# Pakistani med schools vs Caribbean medical schools.



## DrPlasma (Jan 11, 2008)

Hello everyone, 

I will like to have your thoughts on this thread, regarding the positives and negatives of Caribbean vs Pakistan medical schools. 

Just to throw in a few benefits of Caribbean medical schools. 
-Last two years in done in states, very valuable clinical experience.
-Curriculum based on USMLE patterns. 

+ of Pakistani medical schools. 
-Fraction of a cost compared to Caribbean schools. 
-Schools have been around for a long time except for some new ones.

Thanks


----------



## MastahRiz (Jan 26, 2006)

If I had the option I'd pick a Caribbean school. They're still better recognized than Pakistani medical colleges-- you'll have a much easier time getting a residency.


----------



## thecalccobra (Jul 3, 2007)

what about caribbean vs aga khan?


----------



## DrPlasma (Jan 11, 2008)

MastahRiz said:


> If I had the option I'd pick a Caribbean school. They're still better recognized than Pakistani medical colleges-- you'll have a much easier time getting a residency.


I think you are right, I guess the valuable experience of doing the last two years in America, thats really a big plus. 

But as I stated before Caribbean school are for sure expensive. 


Cobra, 

Overall aga khan as an international applicant will cost you around 17 to 18k a year plus living expenses its still a very decent cost for medical school. 

I have seen some good matches from AKU, but they don't even match half as many residents as St George University in Grenada. 

The Caribbean school do have federal loan options so that could be a big benefit. 

Sincerely, 

DrPlasma.


----------



## thecalccobra (Jul 3, 2007)

hey Riz, if you knew it would be very tough getting a residency from pak med schools, why didn't you go to carribean or stay in us for med school?


----------



## MastahRiz (Jan 26, 2006)

Saved some money, plus some time on getting in. I hadn't been planning on going to med school for as long as a lot of other people do, and when I saw the chance for admission I just went for it- I was too impatient to do a whole lot of research and then sit around and wait for other schools.

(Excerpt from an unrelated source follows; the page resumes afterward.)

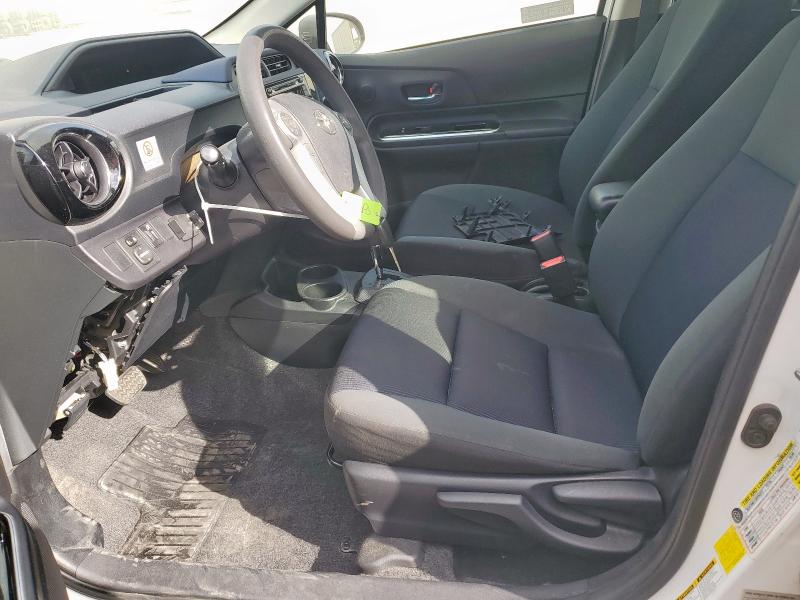  TOYOTA PRIUS 2016 Two tone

Oh and caribbean medical schools (at least the good ones) require a bachelors degree- which I didn't have.


----------



## DrPlasma (Jan 11, 2008)

MastahRiz said:


> Saved some money, plus some time on getting in. I hadn't been planning on going to med school for as long as a lot of other people do, and when I saw the chance for admission I just went for it- I was too impatient to do a whole lot of research and then sit around and wait for other schools.
> 
> Oh and caribbean medical schools (at least the good ones) require a bachelors degree- which I didn't have.


Going to Pak/India seems like a better option. This is because they don't have a big bias which surrounds Americans attending the Caribbean school. Automatically people think that if you can't get into a US medical school then and only than you try Caribbean schools. 

They are certainly good things about Caribbean schools atleast the good ones, they will actually prepare you for USMLES steps.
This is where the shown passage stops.